AMMAN, June 11: Jordanian authorities arrested four Islamist members of parliament who attended the wake of Abu-Musab al-Zarqawi, including one who publicly described the notorious terrorist as a “martyr,” government spokesman Nasser Judeh told The Associated Press.

Mohammed Abu Fares, Jaafar al-Hourani, Ali Abu Sukkar and Ibrahim al-Mashwakhi were being questioned for “statements and actions pertaining to the terrorist al-Zarqawi, which provoked public sentiment,” Judeh said.

“They violated the law because they instigated sectarianism and incited conflict,” he said, referring to remarks by Abu Fares, who lauded al-Zarqawi and said his battle against “American occupiers” in Iraq was justified.

Judeh said some of the relatives of the victims of last November’s triple Amman hotel bombings also lodged complaints with the government against the four lawmakers — all of them members of the influential Islamic Action Front.

On Friday, Abu Fares and the three other deputies went to Zarqawi’s home to pay their condolences. At a sermon he delivered following the wake, Abu Fares called al-Zarqawi a “martyr.”

He said later that the term did not apply to Jordanians who died in the hotel blasts, claimed by Zarqawi’s group. “I can’t describe them as martyrs; these were mobs and ignorant (people),” Abu Fares told Al Arabiya satellite station on Saturday.

The remarks and the visit to Zarqawi’s home in Zarqa, 22 kilometers east of Amman, riled Jordanian public opinion.
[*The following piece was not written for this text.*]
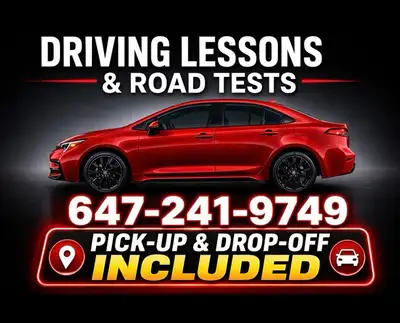 G2/G Driving lessons - Early Road Test Booking - Drive Test, View more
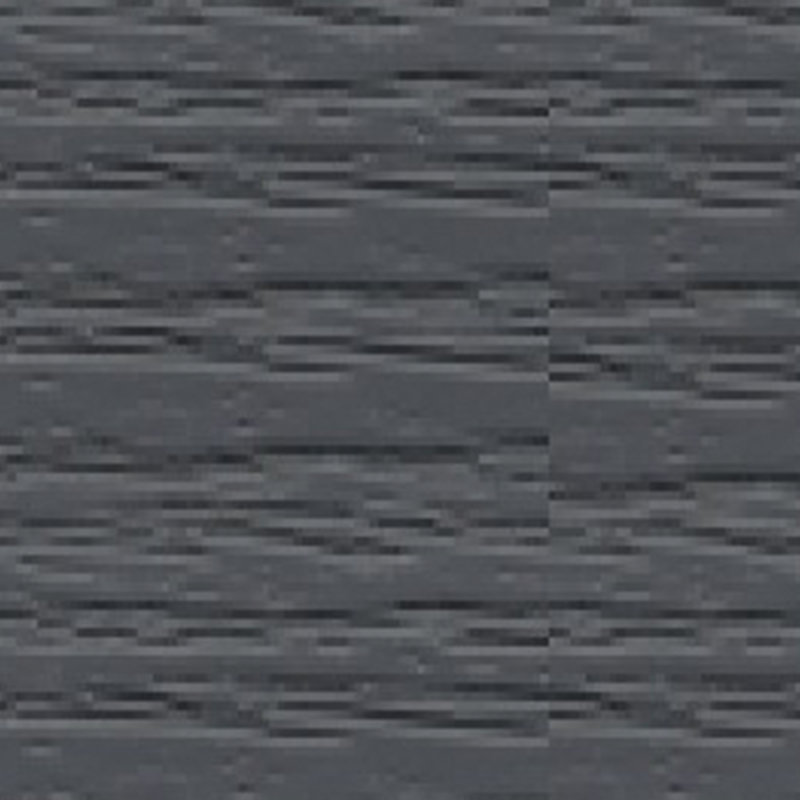 Volet à persiennes sur mesure avec dessus droit, Gris foncé, 14.5", 73"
Many in the kingdom detest the Jordanian-born Al-Qaeda leader in Iraq for claiming responsibility for the hotel bombings that killed 60 civilians, including women and children attending a Jordanian-Palestinian Muslim wedding.

Newspaper columnists and editorials continued their scathing attacks on Sunday against the Islamic Action Front, Jordan’s largest opposition group.

Jordanian parliament said that Abu Fares’ comments marked a “serious precedent” in sanctioning killing, glorifying murderers and insulting Zarqawi’s Jordanian victims.

The parliament, which is in recess for the summer, did not say if it will take action against the four lawmakers, who belong to the 17-member bloc representing the Islamic Action Front, the political arm of the Muslim Brotherhood Movement.

Lawmaker Mamdouh Abbadi, a pro-government politician, said deputies may consider unspecified measures to “reprimand” the four Islamist lawmakers. He declined to elaborate.

Party leader Hamza Mansour, who is also a deputy, rebuffed parliament’s call. “The Islamic Action Front makes its own decisions according to its convictions and doesn’t accept requests coming from here and there,” he told the AP.